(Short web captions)

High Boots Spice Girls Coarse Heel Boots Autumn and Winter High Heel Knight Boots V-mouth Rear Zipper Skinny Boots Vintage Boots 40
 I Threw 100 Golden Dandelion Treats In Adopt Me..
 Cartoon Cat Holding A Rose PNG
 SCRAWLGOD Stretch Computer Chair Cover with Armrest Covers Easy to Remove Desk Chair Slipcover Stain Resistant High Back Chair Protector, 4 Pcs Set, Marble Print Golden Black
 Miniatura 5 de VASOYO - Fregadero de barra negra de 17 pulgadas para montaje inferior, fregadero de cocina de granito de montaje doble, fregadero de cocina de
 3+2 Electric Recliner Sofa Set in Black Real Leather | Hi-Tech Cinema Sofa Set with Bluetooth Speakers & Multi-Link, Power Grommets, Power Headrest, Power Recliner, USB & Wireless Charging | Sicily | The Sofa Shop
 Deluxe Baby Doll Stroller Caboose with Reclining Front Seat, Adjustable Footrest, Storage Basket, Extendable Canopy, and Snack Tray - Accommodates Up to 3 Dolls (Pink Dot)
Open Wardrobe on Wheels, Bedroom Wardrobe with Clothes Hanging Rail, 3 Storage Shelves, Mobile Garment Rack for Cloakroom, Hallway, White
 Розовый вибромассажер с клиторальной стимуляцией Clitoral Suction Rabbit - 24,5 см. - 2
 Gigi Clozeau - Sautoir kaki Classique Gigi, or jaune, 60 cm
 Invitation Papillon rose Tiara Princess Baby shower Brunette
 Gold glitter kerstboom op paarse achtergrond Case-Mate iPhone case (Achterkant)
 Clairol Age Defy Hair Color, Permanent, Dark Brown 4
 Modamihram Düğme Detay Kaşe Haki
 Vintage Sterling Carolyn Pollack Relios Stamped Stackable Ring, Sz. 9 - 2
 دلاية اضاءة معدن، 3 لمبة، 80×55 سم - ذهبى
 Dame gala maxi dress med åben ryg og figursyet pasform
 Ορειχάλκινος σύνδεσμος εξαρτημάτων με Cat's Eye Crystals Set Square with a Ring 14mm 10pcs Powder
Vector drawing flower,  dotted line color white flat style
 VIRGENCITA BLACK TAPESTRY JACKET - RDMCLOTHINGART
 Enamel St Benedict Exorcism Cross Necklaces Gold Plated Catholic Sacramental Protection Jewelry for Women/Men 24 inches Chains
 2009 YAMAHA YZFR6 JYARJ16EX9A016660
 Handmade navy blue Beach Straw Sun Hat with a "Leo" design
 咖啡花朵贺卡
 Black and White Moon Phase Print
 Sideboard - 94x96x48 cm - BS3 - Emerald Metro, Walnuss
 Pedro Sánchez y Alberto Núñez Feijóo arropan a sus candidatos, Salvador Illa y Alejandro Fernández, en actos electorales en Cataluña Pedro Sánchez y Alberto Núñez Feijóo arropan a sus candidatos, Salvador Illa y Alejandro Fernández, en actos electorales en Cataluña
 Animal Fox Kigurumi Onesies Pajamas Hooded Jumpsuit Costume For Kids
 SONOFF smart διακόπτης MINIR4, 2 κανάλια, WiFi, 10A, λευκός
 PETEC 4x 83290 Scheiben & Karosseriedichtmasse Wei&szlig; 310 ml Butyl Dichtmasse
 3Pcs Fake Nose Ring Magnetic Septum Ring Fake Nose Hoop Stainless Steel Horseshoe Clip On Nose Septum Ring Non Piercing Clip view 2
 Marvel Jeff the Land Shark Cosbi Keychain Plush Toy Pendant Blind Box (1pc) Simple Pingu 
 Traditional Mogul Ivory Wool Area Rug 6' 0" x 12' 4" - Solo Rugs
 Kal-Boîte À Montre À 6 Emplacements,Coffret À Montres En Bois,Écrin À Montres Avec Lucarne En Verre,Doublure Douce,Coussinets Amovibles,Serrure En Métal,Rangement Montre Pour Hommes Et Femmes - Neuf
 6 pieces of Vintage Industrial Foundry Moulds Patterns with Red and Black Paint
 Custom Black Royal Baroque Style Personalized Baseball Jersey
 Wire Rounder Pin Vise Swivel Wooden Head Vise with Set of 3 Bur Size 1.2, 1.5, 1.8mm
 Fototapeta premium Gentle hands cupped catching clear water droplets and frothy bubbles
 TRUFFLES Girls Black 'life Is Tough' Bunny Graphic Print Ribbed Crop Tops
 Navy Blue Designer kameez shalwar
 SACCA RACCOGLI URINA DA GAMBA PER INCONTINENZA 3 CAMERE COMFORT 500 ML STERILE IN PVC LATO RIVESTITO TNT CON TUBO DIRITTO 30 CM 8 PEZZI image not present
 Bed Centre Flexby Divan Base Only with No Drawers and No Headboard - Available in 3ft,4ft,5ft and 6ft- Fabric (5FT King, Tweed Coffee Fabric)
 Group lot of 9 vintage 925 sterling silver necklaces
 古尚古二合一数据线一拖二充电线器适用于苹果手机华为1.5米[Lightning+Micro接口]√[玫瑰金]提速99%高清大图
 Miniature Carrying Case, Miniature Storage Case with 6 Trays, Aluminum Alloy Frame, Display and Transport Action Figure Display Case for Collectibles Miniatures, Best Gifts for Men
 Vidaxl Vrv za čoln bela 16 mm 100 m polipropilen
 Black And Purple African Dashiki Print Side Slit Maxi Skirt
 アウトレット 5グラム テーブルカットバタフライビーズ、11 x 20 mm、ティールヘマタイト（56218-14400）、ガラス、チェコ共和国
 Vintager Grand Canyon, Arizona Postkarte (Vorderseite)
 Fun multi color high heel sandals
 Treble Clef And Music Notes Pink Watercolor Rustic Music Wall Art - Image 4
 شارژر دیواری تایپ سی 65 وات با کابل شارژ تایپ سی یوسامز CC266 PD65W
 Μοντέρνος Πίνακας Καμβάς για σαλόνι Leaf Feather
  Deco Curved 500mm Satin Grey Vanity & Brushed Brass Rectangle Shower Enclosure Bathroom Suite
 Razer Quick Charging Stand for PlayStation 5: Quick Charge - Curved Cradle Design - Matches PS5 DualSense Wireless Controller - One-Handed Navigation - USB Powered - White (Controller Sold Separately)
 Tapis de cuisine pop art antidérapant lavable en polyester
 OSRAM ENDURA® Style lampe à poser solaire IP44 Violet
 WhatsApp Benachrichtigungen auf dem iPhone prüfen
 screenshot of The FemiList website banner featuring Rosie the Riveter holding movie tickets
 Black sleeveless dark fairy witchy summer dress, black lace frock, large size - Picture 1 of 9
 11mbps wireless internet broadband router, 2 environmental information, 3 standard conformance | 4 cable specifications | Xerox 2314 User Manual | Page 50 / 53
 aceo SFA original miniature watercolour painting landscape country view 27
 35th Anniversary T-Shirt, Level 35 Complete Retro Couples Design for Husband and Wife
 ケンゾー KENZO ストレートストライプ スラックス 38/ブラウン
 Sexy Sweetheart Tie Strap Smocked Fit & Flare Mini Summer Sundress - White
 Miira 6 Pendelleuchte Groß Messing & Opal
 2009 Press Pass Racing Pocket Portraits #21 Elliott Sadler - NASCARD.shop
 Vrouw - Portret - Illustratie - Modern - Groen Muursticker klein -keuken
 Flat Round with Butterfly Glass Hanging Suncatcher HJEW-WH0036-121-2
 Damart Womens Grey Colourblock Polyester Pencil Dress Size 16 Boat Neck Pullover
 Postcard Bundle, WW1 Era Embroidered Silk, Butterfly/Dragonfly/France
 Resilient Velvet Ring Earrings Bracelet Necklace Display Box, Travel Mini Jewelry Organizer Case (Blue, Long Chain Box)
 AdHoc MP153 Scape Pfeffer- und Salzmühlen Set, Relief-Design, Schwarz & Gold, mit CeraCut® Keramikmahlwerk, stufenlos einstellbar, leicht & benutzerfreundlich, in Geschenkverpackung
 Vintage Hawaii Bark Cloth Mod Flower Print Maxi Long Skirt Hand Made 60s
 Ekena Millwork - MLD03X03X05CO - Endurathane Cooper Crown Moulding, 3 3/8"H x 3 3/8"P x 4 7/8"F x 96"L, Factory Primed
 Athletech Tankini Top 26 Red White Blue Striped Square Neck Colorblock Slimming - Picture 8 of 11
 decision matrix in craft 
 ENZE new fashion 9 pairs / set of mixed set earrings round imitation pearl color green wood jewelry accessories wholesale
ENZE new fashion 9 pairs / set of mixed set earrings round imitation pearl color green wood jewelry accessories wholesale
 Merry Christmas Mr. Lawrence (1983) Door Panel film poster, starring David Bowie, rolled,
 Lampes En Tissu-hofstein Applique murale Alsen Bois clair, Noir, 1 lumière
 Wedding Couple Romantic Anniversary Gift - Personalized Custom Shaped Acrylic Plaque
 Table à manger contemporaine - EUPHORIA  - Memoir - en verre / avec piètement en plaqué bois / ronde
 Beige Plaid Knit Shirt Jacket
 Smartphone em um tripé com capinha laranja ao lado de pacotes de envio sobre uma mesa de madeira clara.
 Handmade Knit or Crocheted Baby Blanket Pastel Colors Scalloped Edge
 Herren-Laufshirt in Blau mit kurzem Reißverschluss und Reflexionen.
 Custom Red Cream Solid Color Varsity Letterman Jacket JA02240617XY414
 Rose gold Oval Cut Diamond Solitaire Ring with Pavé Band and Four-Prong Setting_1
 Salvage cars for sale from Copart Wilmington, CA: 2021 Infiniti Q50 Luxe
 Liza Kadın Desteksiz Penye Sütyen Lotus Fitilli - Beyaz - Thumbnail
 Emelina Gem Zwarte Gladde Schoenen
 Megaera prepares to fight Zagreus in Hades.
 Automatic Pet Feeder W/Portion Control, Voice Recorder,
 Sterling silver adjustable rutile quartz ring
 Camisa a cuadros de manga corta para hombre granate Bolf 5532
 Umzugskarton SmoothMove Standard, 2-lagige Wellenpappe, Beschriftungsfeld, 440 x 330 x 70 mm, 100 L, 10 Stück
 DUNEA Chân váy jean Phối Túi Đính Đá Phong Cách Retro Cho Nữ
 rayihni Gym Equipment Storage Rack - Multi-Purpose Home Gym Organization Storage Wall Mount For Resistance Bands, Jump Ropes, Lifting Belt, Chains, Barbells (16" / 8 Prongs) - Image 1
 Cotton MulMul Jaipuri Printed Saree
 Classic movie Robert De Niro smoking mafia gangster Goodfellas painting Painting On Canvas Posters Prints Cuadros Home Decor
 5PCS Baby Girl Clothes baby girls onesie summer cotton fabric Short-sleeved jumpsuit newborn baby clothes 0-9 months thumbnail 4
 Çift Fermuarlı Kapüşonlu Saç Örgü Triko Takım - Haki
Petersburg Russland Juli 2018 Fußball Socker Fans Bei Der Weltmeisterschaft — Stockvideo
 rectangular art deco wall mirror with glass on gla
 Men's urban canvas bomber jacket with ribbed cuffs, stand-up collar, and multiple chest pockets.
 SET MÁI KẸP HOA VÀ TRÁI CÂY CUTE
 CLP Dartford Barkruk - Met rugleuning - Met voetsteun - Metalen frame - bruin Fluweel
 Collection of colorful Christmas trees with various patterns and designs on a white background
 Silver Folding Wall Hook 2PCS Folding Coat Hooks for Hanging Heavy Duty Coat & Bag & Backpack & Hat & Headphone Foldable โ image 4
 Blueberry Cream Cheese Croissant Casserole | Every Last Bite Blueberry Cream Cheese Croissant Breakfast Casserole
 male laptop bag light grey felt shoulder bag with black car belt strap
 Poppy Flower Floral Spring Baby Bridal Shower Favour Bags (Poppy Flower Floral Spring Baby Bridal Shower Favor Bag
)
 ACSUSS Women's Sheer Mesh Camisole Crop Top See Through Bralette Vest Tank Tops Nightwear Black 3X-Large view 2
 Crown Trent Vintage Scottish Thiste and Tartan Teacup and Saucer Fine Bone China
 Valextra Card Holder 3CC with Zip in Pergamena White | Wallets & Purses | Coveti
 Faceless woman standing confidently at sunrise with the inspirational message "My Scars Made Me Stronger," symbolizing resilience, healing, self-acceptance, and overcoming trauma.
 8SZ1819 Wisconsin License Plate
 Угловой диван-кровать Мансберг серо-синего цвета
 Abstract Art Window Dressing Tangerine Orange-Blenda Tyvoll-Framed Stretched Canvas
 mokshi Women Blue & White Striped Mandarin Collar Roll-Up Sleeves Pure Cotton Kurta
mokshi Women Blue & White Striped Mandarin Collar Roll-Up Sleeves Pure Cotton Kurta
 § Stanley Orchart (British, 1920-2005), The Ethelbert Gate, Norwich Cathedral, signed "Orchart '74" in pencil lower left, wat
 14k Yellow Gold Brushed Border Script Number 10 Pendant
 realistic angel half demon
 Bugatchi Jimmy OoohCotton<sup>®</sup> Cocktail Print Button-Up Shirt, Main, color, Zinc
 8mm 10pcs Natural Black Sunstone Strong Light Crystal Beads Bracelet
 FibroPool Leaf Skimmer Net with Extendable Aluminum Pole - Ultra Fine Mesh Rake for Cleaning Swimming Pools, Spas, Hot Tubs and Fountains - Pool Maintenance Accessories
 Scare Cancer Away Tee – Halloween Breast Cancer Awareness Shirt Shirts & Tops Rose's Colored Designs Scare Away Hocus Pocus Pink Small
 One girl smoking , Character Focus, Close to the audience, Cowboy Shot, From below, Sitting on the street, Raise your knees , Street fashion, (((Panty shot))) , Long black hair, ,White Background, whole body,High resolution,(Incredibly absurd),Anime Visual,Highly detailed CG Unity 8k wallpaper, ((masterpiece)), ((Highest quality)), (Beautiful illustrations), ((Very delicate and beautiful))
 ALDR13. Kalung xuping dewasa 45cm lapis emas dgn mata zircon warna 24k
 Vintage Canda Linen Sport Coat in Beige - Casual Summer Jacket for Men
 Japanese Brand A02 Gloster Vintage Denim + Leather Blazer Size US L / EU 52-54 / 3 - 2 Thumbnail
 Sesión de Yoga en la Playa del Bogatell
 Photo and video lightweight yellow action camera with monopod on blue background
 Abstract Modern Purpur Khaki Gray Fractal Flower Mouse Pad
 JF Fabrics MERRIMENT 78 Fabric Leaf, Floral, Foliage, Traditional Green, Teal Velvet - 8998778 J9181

WORK INSTRUCTIONS: Please show, exactly as written, every line above that contains the word "Traditional".

EXPECTED ANSWER:
 Traditional Mogul Ivory Wool Area Rug 6' 0" x 12' 4" - Solo Rugs
 JF Fabrics MERRIMENT 78 Fabric Leaf, Floral, Foliage, Traditional Green, Teal Velvet - 8998778 J9181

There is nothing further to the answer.